= Nur University =

Nur University of Bolivia was established as a Baháʼí school of higher education in and started its first academic year in April 1985.

==History==
Following development of the Foundation for the Integral Development of Bolivia (FUNDESIB) in 1982, Nur University received Presidential Decree No. 20441 authorizing its establishment as a private university. It began offering undergraduate programs in 1985 and became Bolivia's first graduate college in 1994.

In 1996, Nur trained 2000 rural teachers as agents of community development in Bolivia and 300 teachers in the La Rioja Province in Argentina.

The Bolivian Ministry of Education, Culture and Sports contracted Nur in 1999 to strengthen the academic and administrative capacities of two state teachers colleges: INSPOC in Camiri and INS Rafael Chávez Ortiz in Portachuelo.

The university has 4,000 registered students in 17 undergraduate and graduate programs offered full- or part-time or through distance education.

==Accreditation and honors==
In 2000 the university received the highest distinction granted by the Santa Cruz Municipal Government, the Municipal Merit Medal, given for the community service work developed by the university through UNIRSE (University Students in Service to the Community).

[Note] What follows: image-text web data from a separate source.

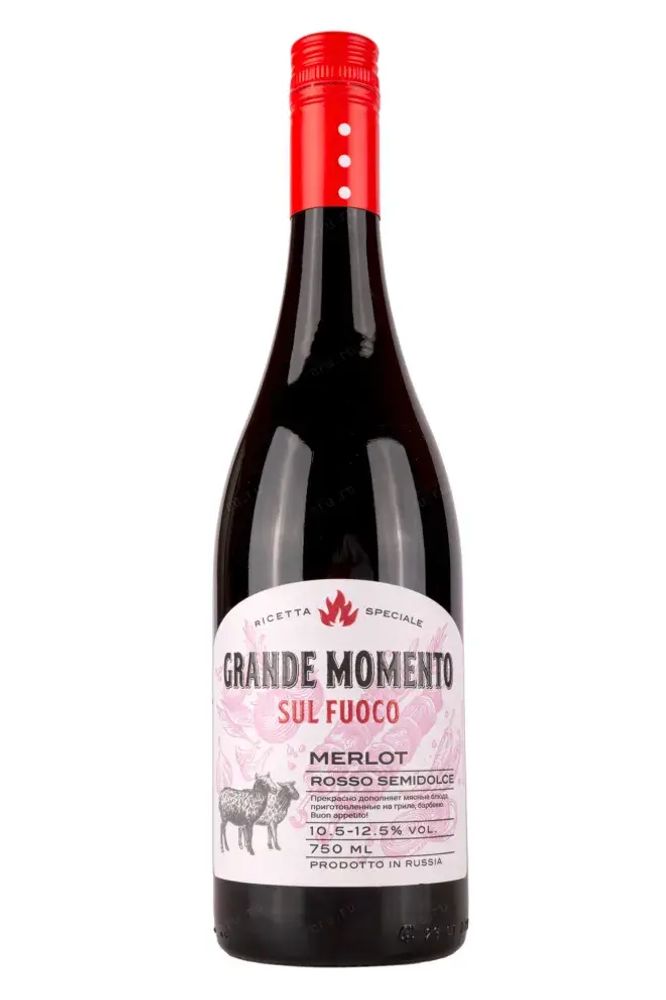 Вино Гранде Моменто Мерло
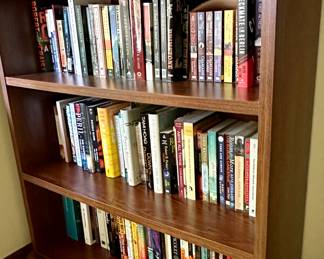 We have 5 Bookcases like these and Tons of Hard and Softcover Books. Great Collection of over 1000 Books ++.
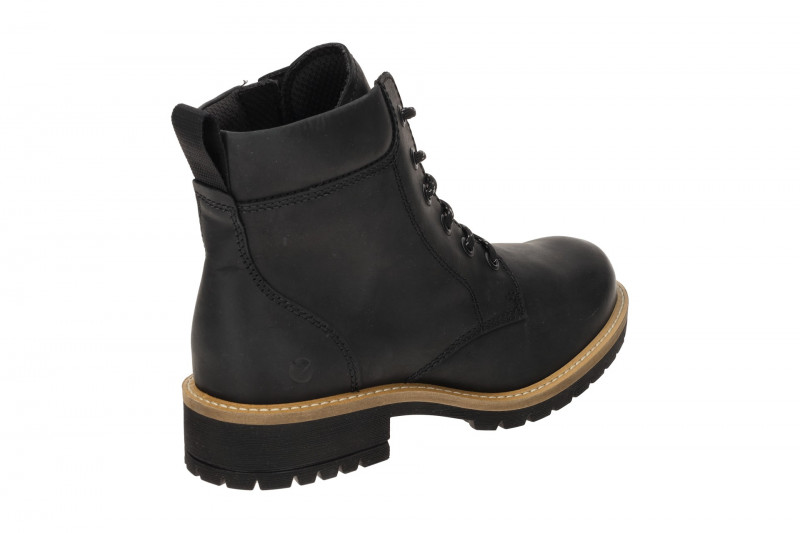 ecco Elaina Boots Stiefelette schwarz Nubuck 202213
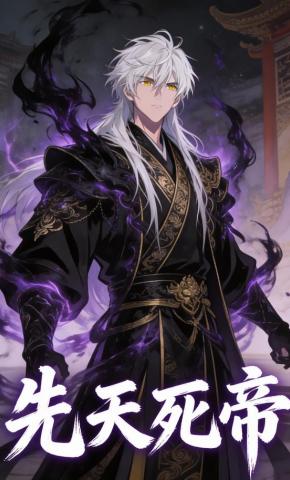 短剧《先天死帝》海报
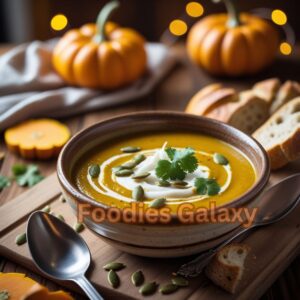 Curried Pumpkin Soup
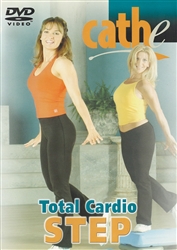 Cathe Friedrich Total Cardio Step DVD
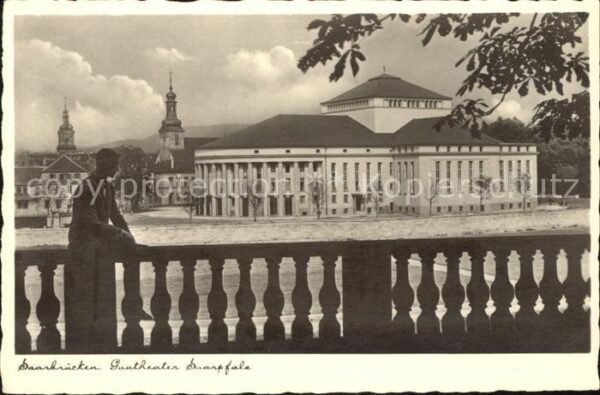 Saarbruecken Gautheater Kurpfalz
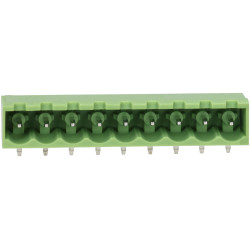 TruConnect 212925 9 Way 15A 300V Side Entry Closed Header 5mm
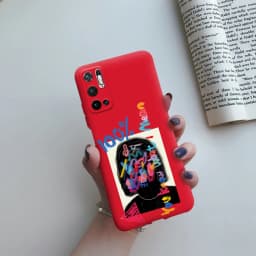 For Xiaomi POCO M3 Pro 5G Case Soft Silicone Cute Fundas Cover for Xiaomi Poco M3 Pro 2021 POCOM3 M 3 Pro M3Pro Phone Case Capa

That same year Nur University received the "Pioneers in Education" prize, granted by the Bolivian Center for Research and Educational Action.

In 2001, the Ministry of Education, Culture and Sports called upon all the private universities in the country to submit to an evaluation process in accordance with the new private university regulations, in which Nur was evaluated as a "Full University".

In 2002 Nur University was selected as a "Center for Educational Excellence" for the Andean region: an initiative launched at the Summit for the Americas, supported by the United States Agency for International Development (USAID).